Landaluce Educe Stables

Ray Struder is living proof of the powerful, emotional attachment a fan can have to a Thoroughbred. The 51-year-old native of Tennessee named his all-filly stable Landaluce Educe, which is Latin for Landaluce remembered.

Following a football injury in high school, Struder moved cross country to attend San Diego State University. Every day in the summer he rode the city bus to Del Mar. On Sept. 5, 1982, he saw trainer D. Wayne Lukas’s unbeaten two-year-old filly Landaluce capture the Grade 2 Del Mar Debutante by 6 ½ lengths at odds of 3-10. Struder was so impressed that he traveled to Santa Anita to see her next start in the Grade 3 Anoakia Stakes, a race she captured by 10 lengths at 1-10.

In her following start, Landaluce won the Grade 1 Oak Leaf Stakes at Santa Anita by two lengths at odds of 1-20. But the filly who would be named an Eclipse Award winner contracted a bacterial infection in November. She died in Lukas’s arms a month later.

“Few things get to me emotionally, but I was surprised how heartbroken I was by her death, and especially for a horse I never met,” Struder said. “I would think about her and the two races I saw all the time.”
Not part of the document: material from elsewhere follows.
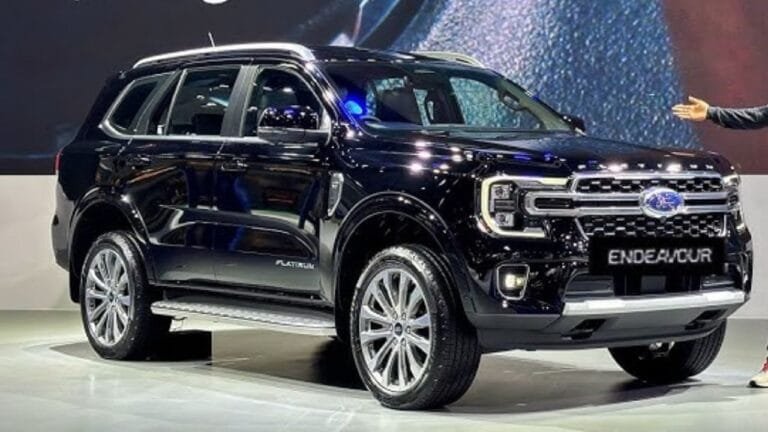 तूफानी अंदाज में भौकाल मचा रही Ford की रफ एंड टफ SUV चार्मिंग फीचर्स में सबके लगाएगी लोटे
Struder never forgot the champion filly. “I wanted to be a Thoroughbred owner since I was 19 years old,” he said. “It took me close to 30 years.” He knew what he wanted to name his stable the whole time.

Struder’s business success with his engineering firm in Tennessee freed him to buy his first horse in 2010 with trainer Kenny McPeek. They would team up to buy 10 more. Four of the 11 have raced in graded stakes. Struder entered the game with a plan: buy quality fillies and develop a broodmare band.

Rosalind, whom he purchased for $70,000 as a yearling, may be the leader of the band. She nearly gave Struder a victory in the Breeders’ Cup last year, when she was a fast-finishing third by a half-length in the Grade 1 Juvenile Filly.

Now she’s given Struder his first Grade I, conjuring memories of another Grade I filly Struder fell in love with and still honors so many years later.